What is being asked >>
The answer must restate every record word for word.

Input material >>
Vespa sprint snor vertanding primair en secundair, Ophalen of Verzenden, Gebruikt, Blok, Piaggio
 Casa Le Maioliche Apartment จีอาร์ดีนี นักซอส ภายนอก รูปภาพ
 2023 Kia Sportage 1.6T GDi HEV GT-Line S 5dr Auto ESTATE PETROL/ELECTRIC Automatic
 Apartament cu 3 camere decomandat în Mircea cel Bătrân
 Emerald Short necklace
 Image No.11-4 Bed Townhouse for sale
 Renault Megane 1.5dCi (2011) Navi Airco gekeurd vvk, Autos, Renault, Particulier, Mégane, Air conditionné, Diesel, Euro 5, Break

Response to the task >>
Vespa sprint snor vertanding primair en secundair, Ophalen of Verzenden, Gebruikt, Blok, Piaggio
 Casa Le Maioliche Apartment จีอาร์ดีนี นักซอส ภายนอก รูปภาพ
 2023 Kia Sportage 1.6T GDi HEV GT-Line S 5dr Auto ESTATE PETROL/ELECTRIC Automatic
 Apartament cu 3 camere decomandat în Mircea cel Bătrân
 Emerald Short necklace
 Image No.11-4 Bed Townhouse for sale
 Renault Megane 1.5dCi (2011) Navi Airco gekeurd vvk, Autos, Renault, Particulier, Mégane, Air conditionné, Diesel, Euro 5, Break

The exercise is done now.